## Required action:
Could the entries below be reproduced exactly, with the images removed?

## Records provided:
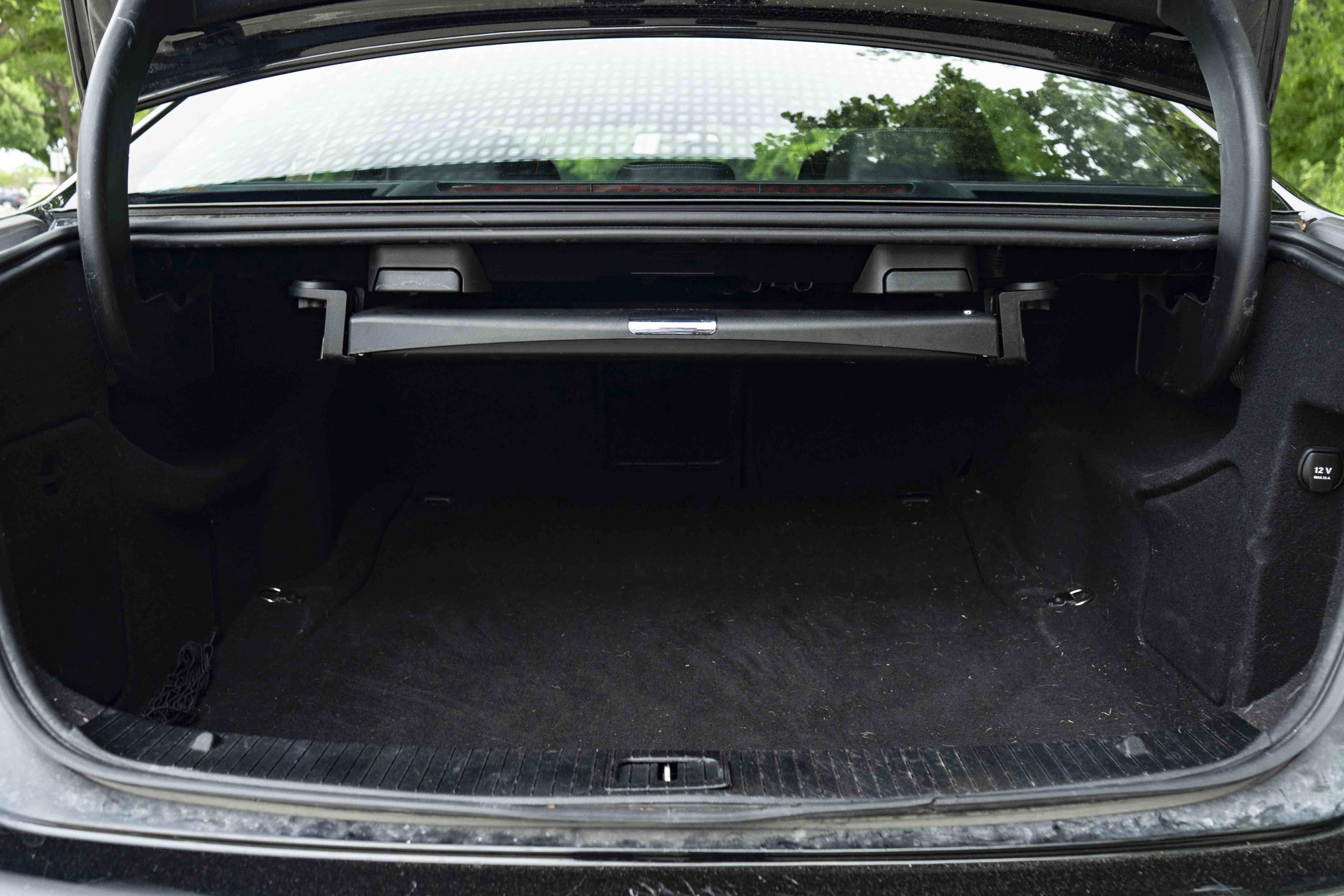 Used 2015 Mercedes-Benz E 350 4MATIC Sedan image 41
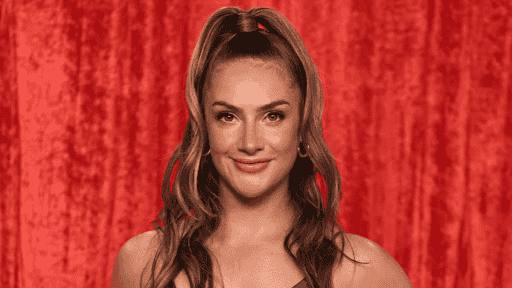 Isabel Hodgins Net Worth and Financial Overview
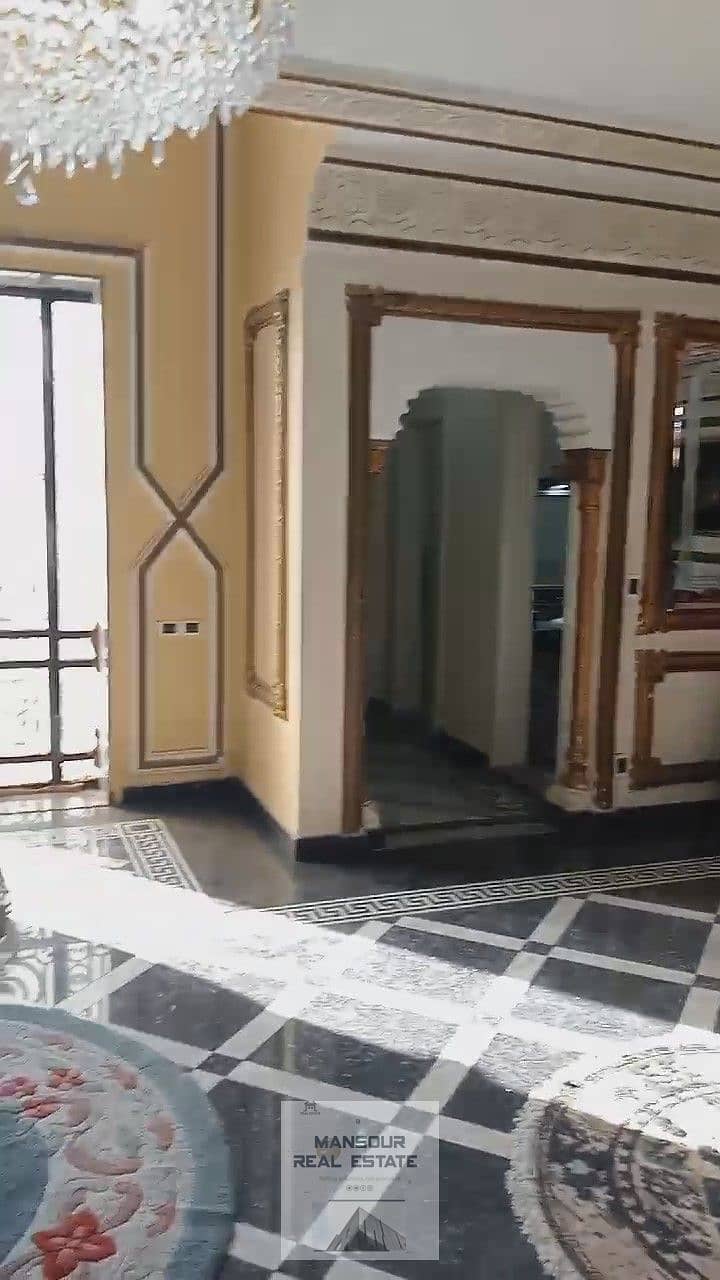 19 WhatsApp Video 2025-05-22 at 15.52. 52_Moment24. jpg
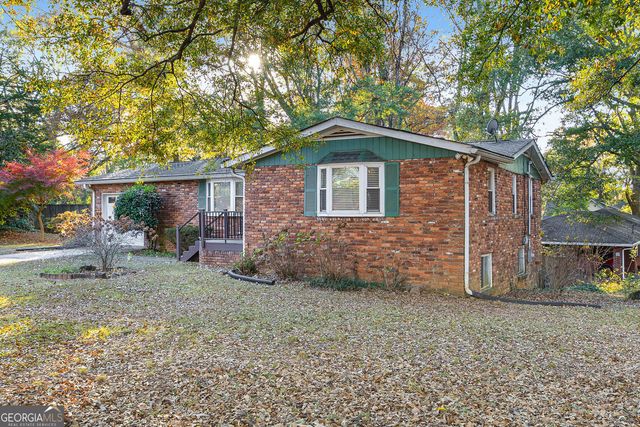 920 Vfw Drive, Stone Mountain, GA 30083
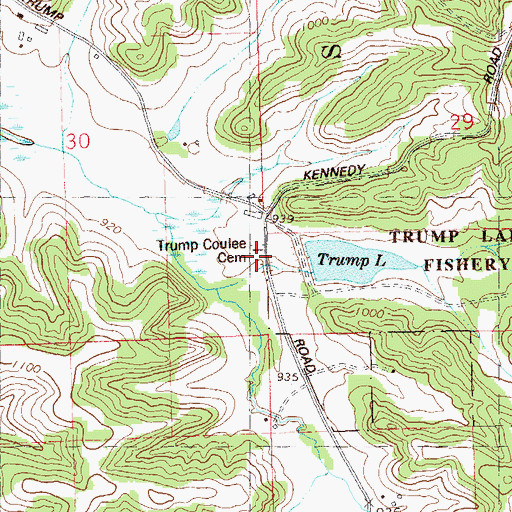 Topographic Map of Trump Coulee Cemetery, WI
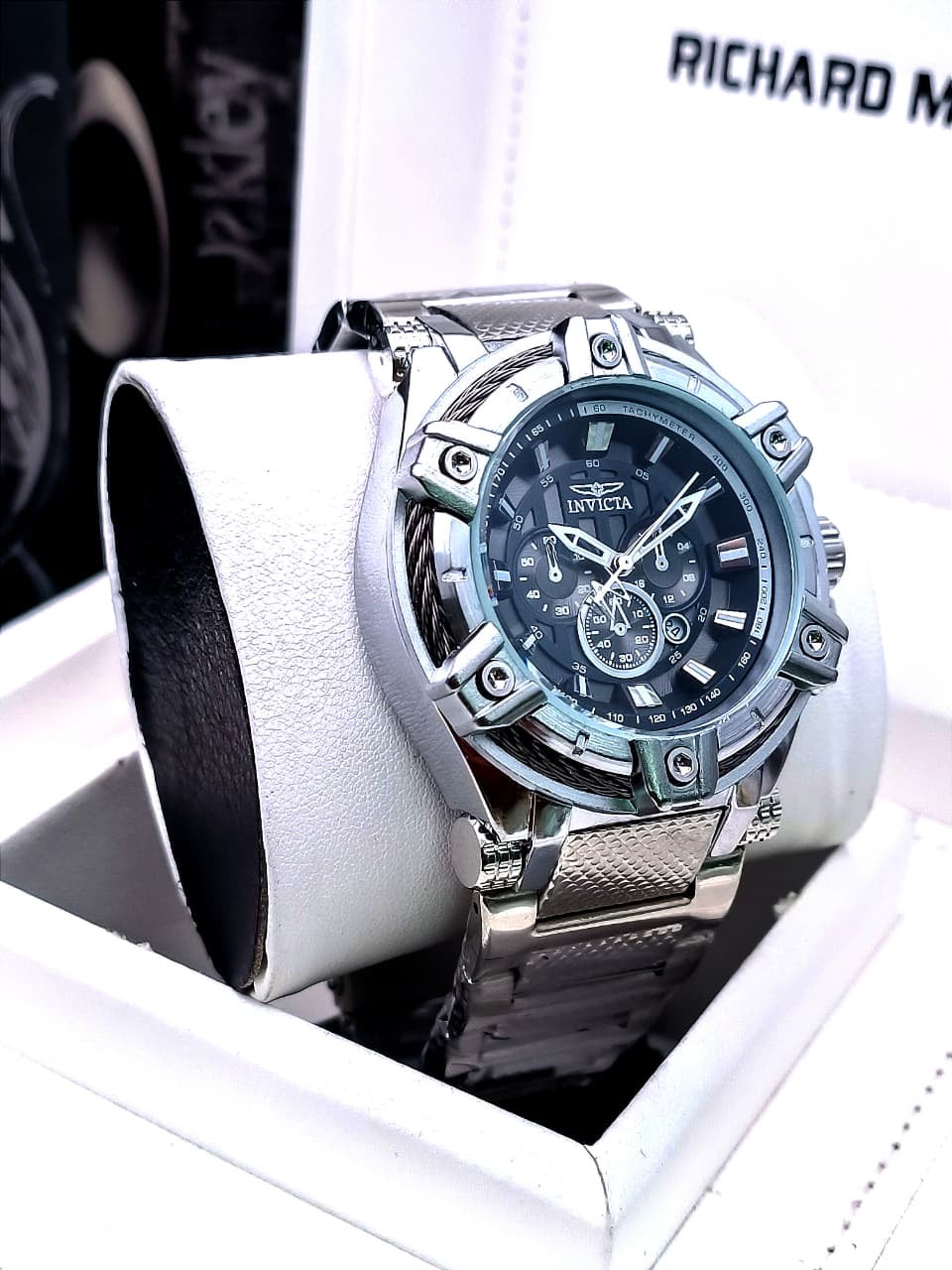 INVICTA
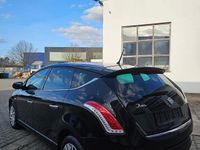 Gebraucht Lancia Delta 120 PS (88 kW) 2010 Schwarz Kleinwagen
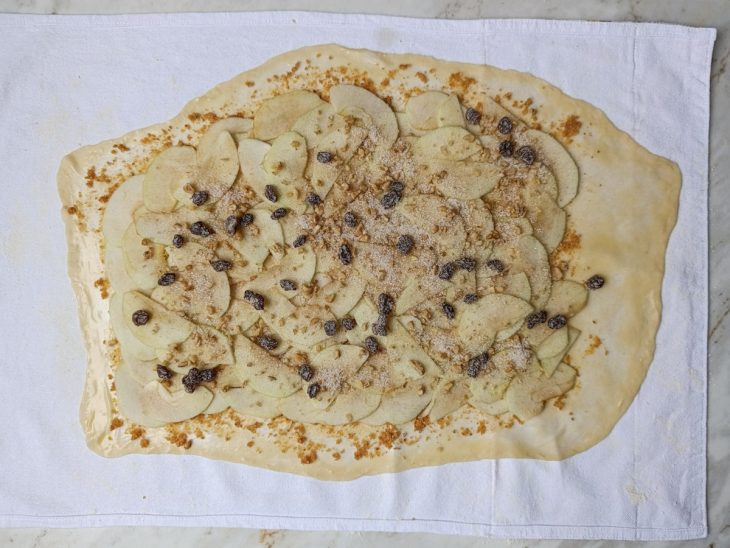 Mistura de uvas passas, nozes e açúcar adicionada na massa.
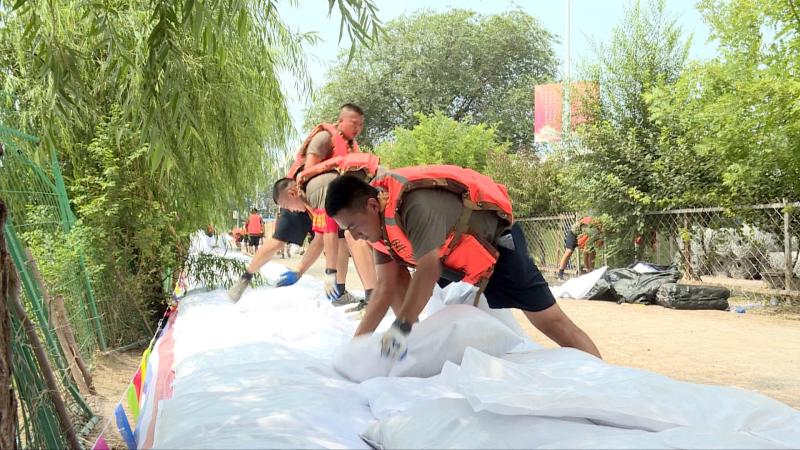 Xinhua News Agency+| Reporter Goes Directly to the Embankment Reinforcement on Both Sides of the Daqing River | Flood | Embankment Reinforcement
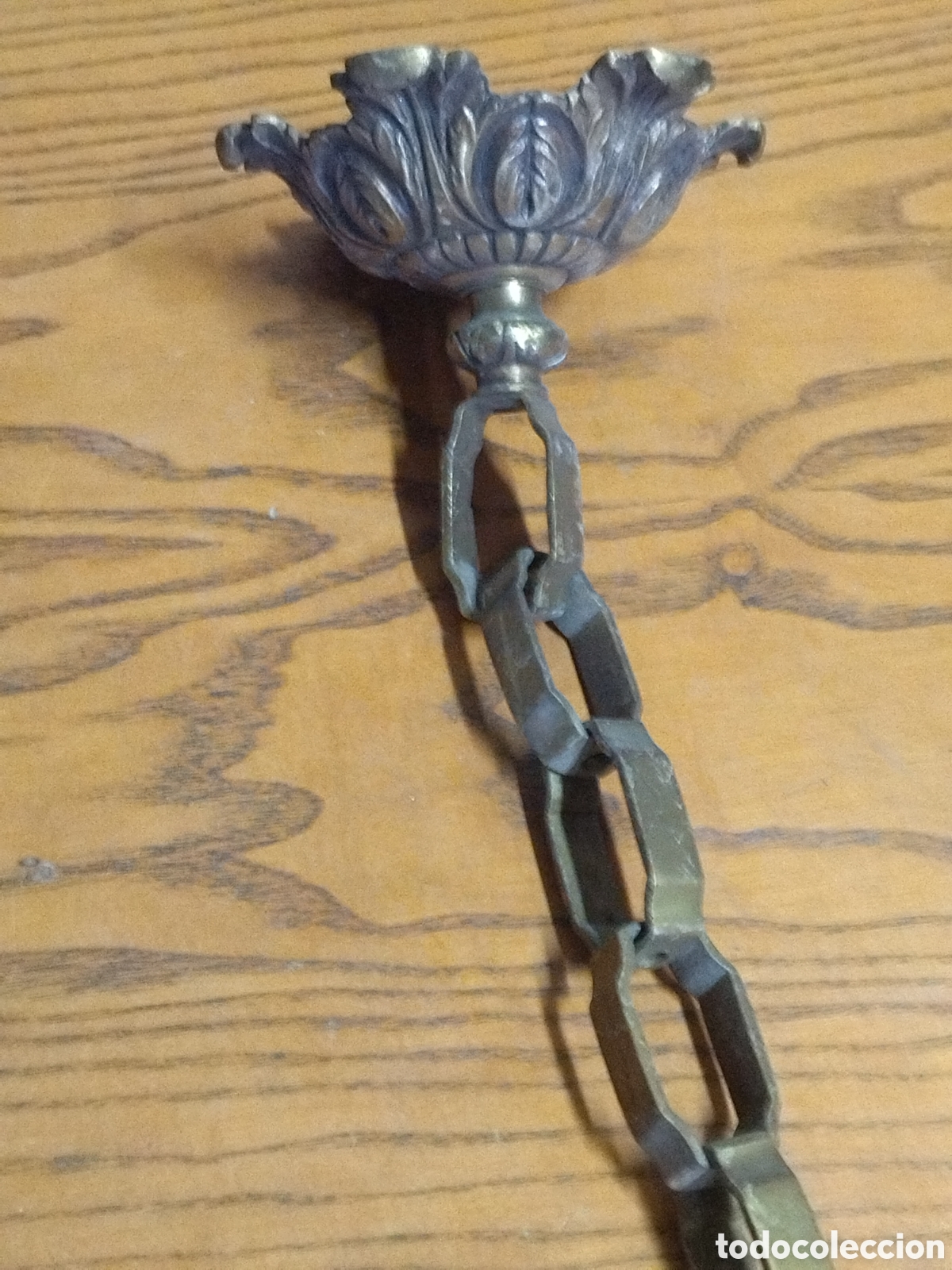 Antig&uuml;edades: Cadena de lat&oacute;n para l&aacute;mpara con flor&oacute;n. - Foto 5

## Answer section:
 Used 2015 Mercedes-Benz E 350 4MATIC Sedan image 41
 Isabel Hodgins Net Worth and Financial Overview
 19 WhatsApp Video 2025-05-22 at 15.52. 52_Moment24. jpg
 920 Vfw Drive, Stone Mountain, GA 30083
 Topographic Map of Trump Coulee Cemetery, WI
 INVICTA
 Gebraucht Lancia Delta 120 PS (88 kW) 2010 Schwarz Kleinwagen
 Mistura de uvas passas, nozes e açúcar adicionada na massa.
 Xinhua News Agency+| Reporter Goes Directly to the Embankment Reinforcement on Both Sides of the Daqing River | Flood | Embankment Reinforcement
 Antig&uuml;edades: Cadena de lat&oacute;n para l&aacute;mpara con flor&oacute;n. - Foto 5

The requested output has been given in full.